THE TASK
The required output is the line with "thumbnail image 1" plus all lines that follow it to the end of the listing below, written out exactly, with no pictures.
——
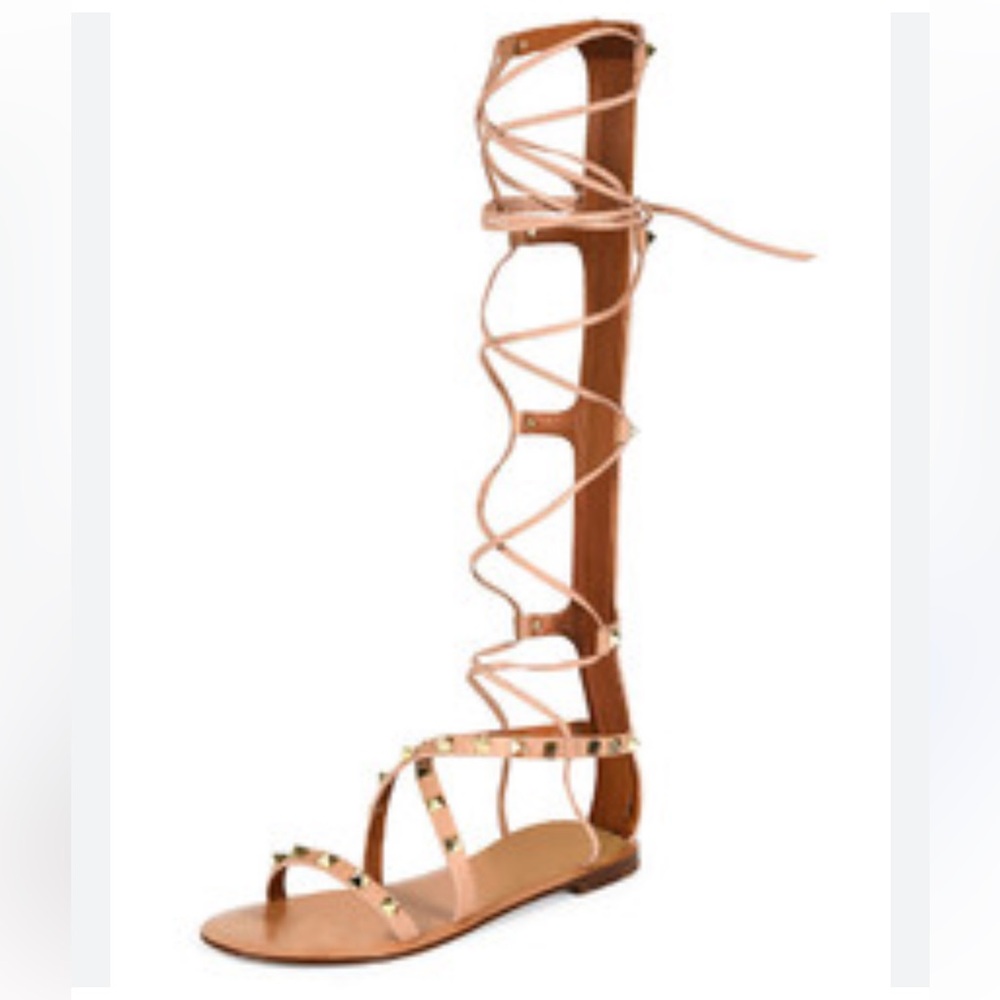 VALENTINO GARAVANI Rockstud Gladiatdor Lace Up Sandals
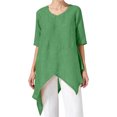 thumbnail image 1 of TSADFHJI Chandails en Molleton Femmes Manches Longues Grande Taille Mode Femmes Grande Taille Irrégulier Décontracté Lin Manches Longues Col Rond Blouse TG Vert, 1 of 8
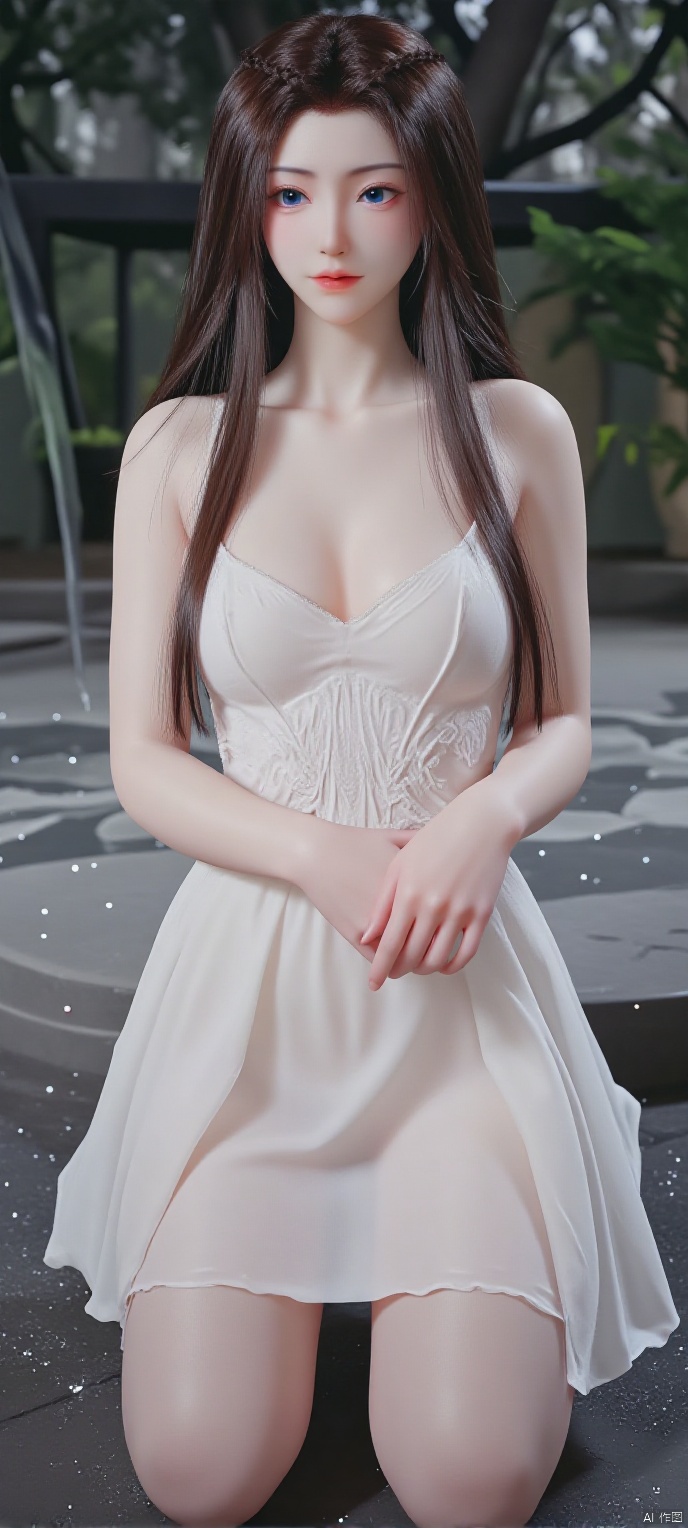 (high definition, Best quality, masterpiece, 4K, exquisite skin), 1girl, solo, breasts, (white dress:1.1), looking at viewer, smile, blue eyes, closed mouth, water, sitting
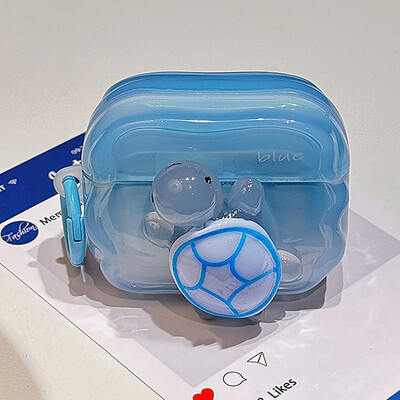 Kawaii mielas 3D Turtle Wave Border ausinių dėklas, skirtas AirPods 1 2 3 su raktų pakabuko apsauginiu apvalkalu, minkštu dangteliu, skirtas AirPods Pro2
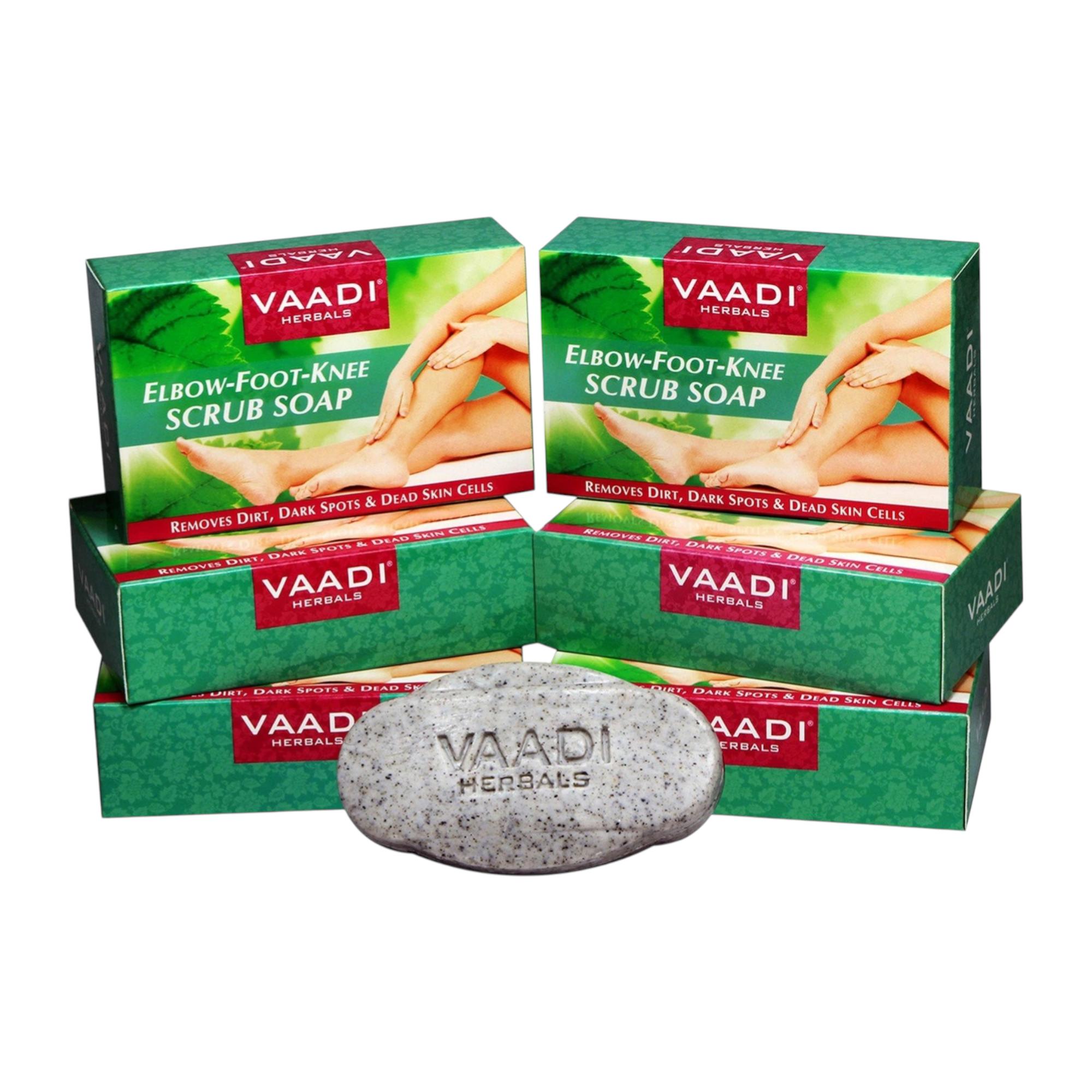 

Vaadi Herbals Elbow Foot Knee Scrub Soap Almond Walnut Exfoliating Body Bar For Rough Skin Pedicure Care 75 g X Pack Of 6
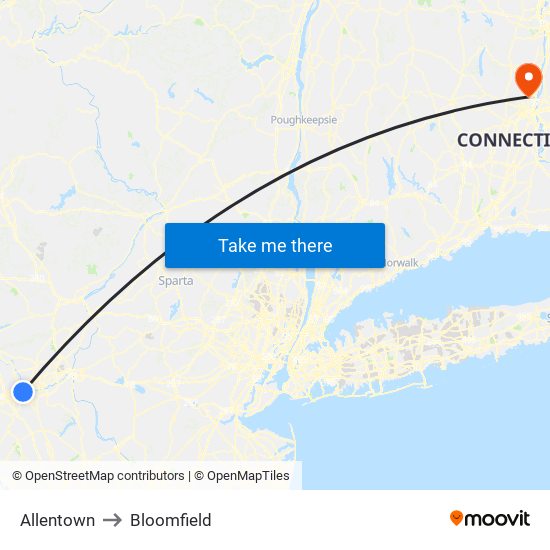 Allentown to Bloomfield map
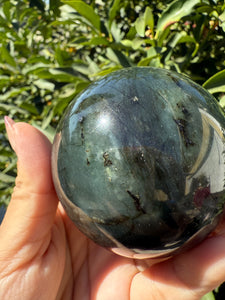 Natural Labradorite Sphere – Flashy Blue Green Crystal Ball, A106
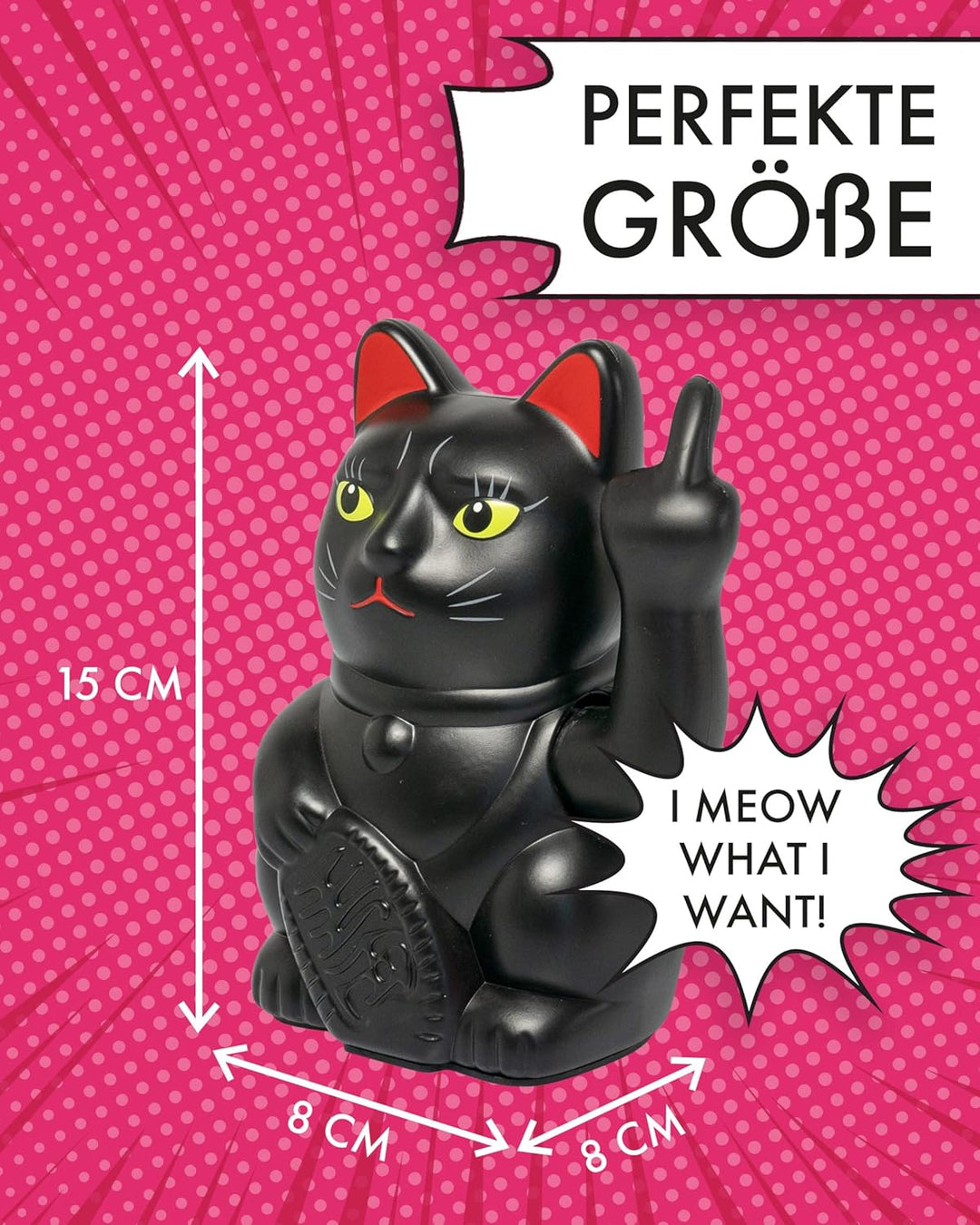 ANGRY CAT - Winkekatze Lucky CAT - Lustige winkende Katze - japanische Winkkatze mit Stinkefinger -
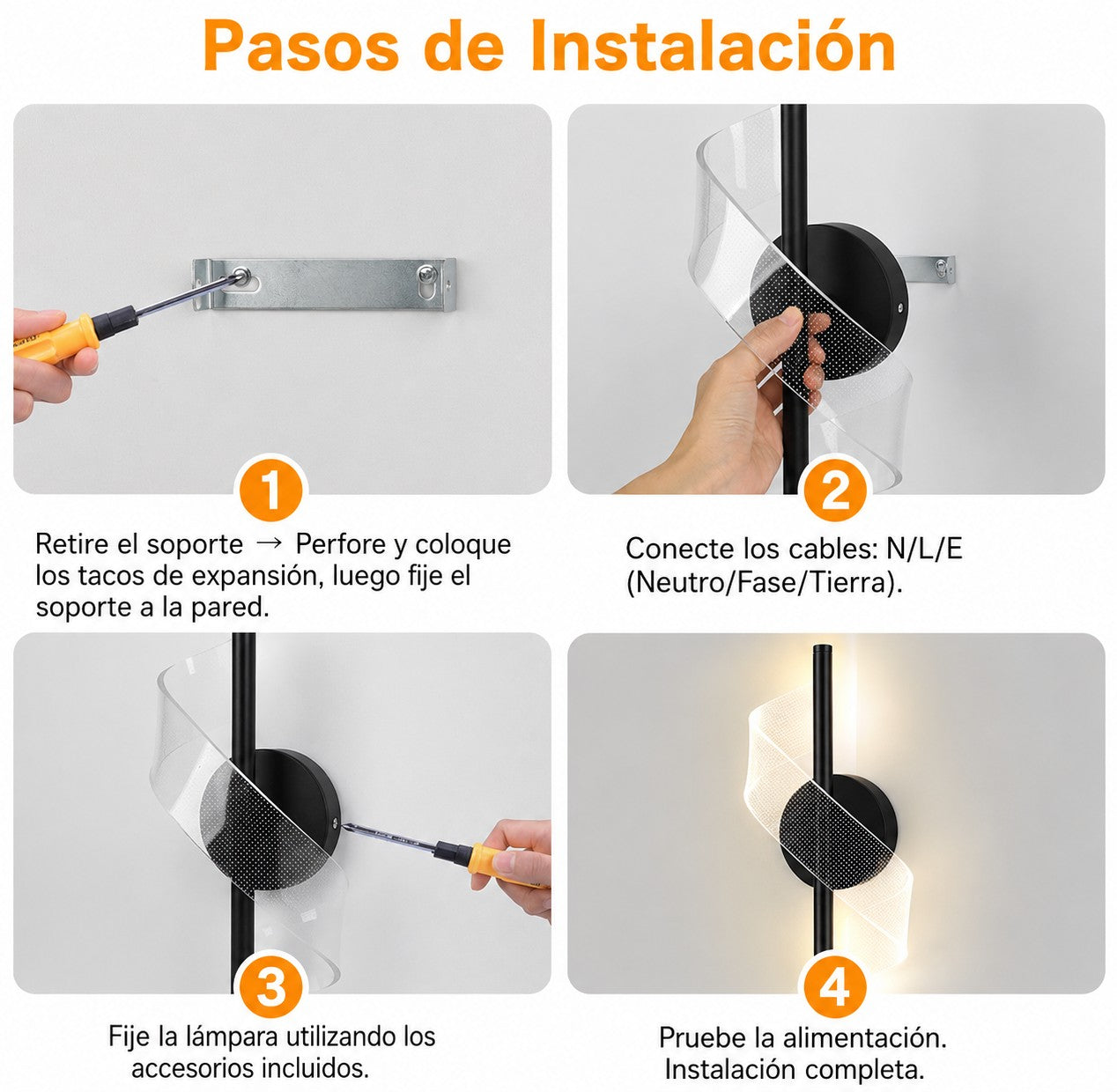 Lámpara De Pared Led Moderna Diseño Espiral 3 Tonos De Luz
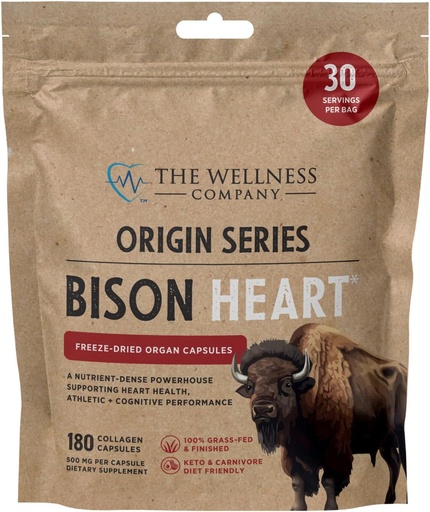 [BRSRAZT2PIPWAA3X] The Wellness Company Bison Heart | 180 Collagen Capsules (1 Month Supply) | Grass-Fed Freeze-Dried Organ | Non-GMO, Gluten-Free | Supports Strength, Recovery & Vitality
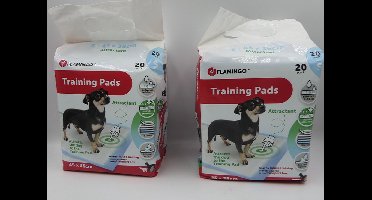 2 X Famingo zindelijkheidsdoeken 20 st 45 x 35 cm smal met attractant (lokmiddel) 5 lagen, antilekbodem, sealed boorden, quick dry 30 seconden, zeer goed absorberend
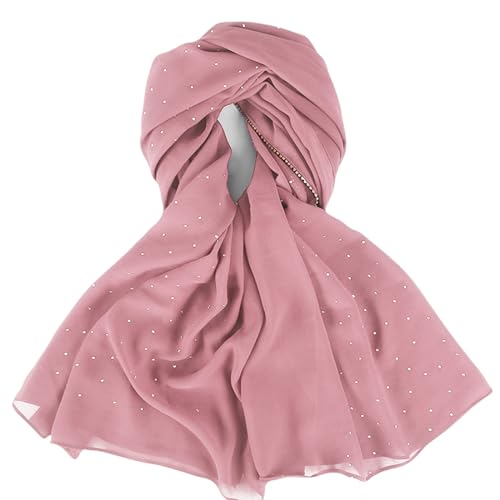 Hijab Scarf for Women Soft Chiffon Rhinestone Long Scarf Shawl Fashion Muslim Hijab Head Wrap Scarves - color: Pink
——
ANSWER AREA
 thumbnail image 1 of TSADFHJI Chandails en Molleton Femmes Manches Longues Grande Taille Mode Femmes Grande Taille Irrégulier Décontracté Lin Manches Longues Col Rond Blouse TG Vert, 1 of 8
 (high definition, Best quality, masterpiece, 4K, exquisite skin), 1girl, solo, breasts, (white dress:1.1), looking at viewer, smile, blue eyes, closed mouth, water, sitting
 Kawaii mielas 3D Turtle Wave Border ausinių dėklas, skirtas AirPods 1 2 3 su raktų pakabuko apsauginiu apvalkalu, minkštu dangteliu, skirtas AirPods Pro2

Vaadi Herbals Elbow Foot Knee Scrub Soap Almond Walnut Exfoliating Body Bar For Rough Skin Pedicure Care 75 g X Pack Of 6
 Allentown to Bloomfield map
 Natural Labradorite Sphere – Flashy Blue Green Crystal Ball, A106
 ANGRY CAT - Winkekatze Lucky CAT - Lustige winkende Katze - japanische Winkkatze mit Stinkefinger -
 Lámpara De Pared Led Moderna Diseño Espiral 3 Tonos De Luz
 [BRSRAZT2PIPWAA3X] The Wellness Company Bison Heart | 180 Collagen Capsules (1 Month Supply) | Grass-Fed Freeze-Dried Organ | Non-GMO, Gluten-Free | Supports Strength, Recovery & Vitality
 2 X Famingo zindelijkheidsdoeken 20 st 45 x 35 cm smal met attractant (lokmiddel) 5 lagen, antilekbodem, sealed boorden, quick dry 30 seconden, zeer goed absorberend
 Hijab Scarf for Women Soft Chiffon Rhinestone Long Scarf Shawl Fashion Muslim Hijab Head Wrap Scarves - color: Pink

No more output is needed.